▸ **Your objective**
Though the records contain pictures, copy none of them; repeat exactly the lines from the one with "Living room large" to the end.

▸ **Captioned web images**
━━━

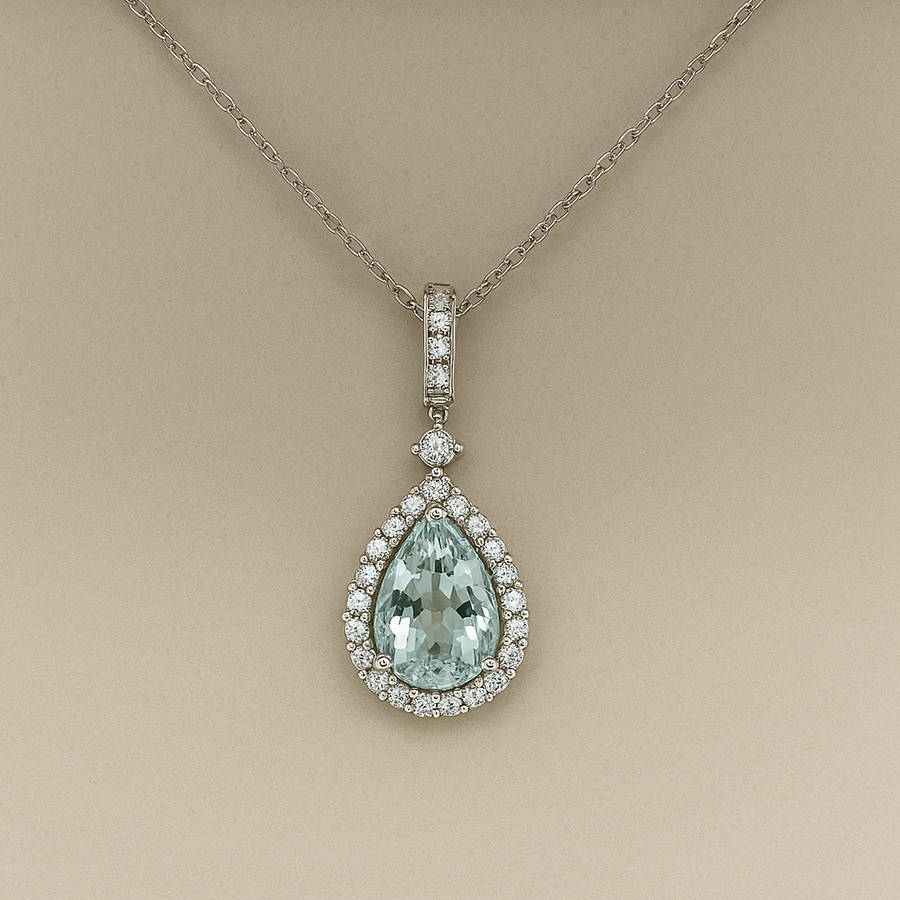 Aquamarine Teardrop Pendant — Laura Milman New York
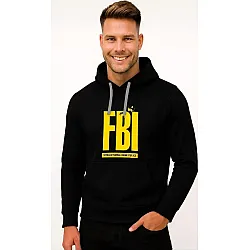 Vīriešu melns džemperis ar kapuci „FBI“
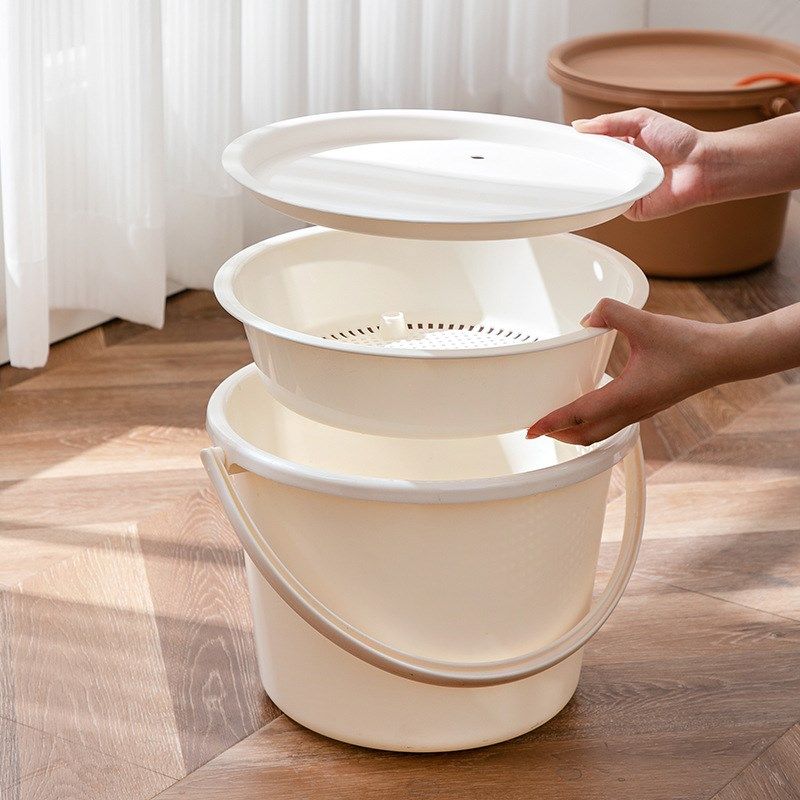 Living room large capacity tea slag bucket with lid garbage filter wastewater bucket Kung Fu tea set accessories Plastic tea table drain bucket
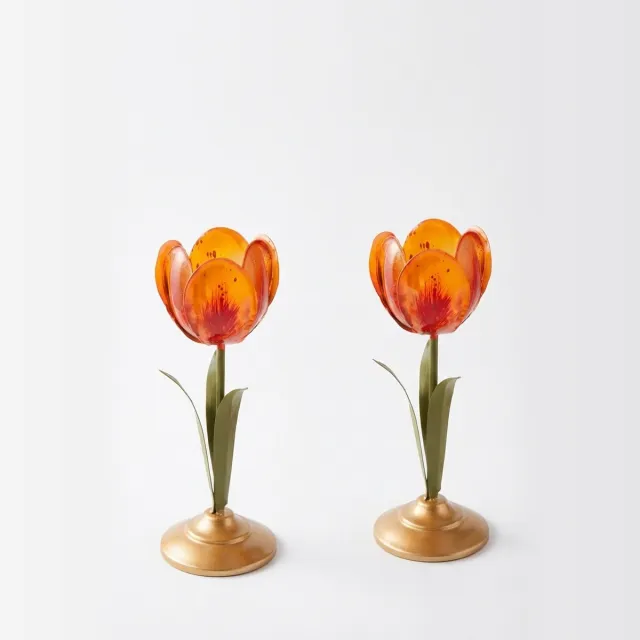 Pip Studio Bloem Kandelaren - Oranje - Set van 2 - Metaal - 21 cm
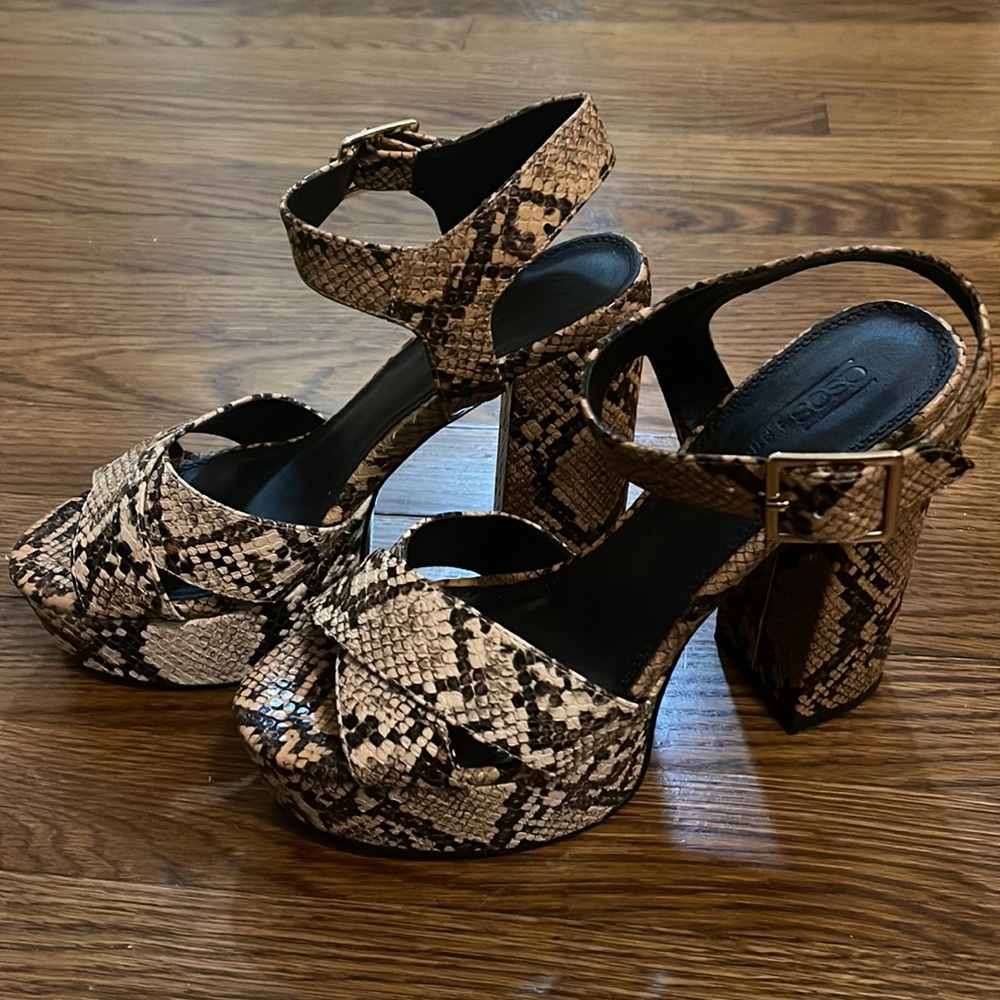 ASOS Platform Chunky Heel open toe Snakeskin Sandal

━━━

▸ **Your response**
 Living room large capacity tea slag bucket with lid garbage filter wastewater bucket Kung Fu tea set accessories Plastic tea table drain bucket
 Pip Studio Bloem Kandelaren - Oranje - Set van 2 - Metaal - 21 cm
 ASOS Platform Chunky Heel open toe Snakeskin Sandal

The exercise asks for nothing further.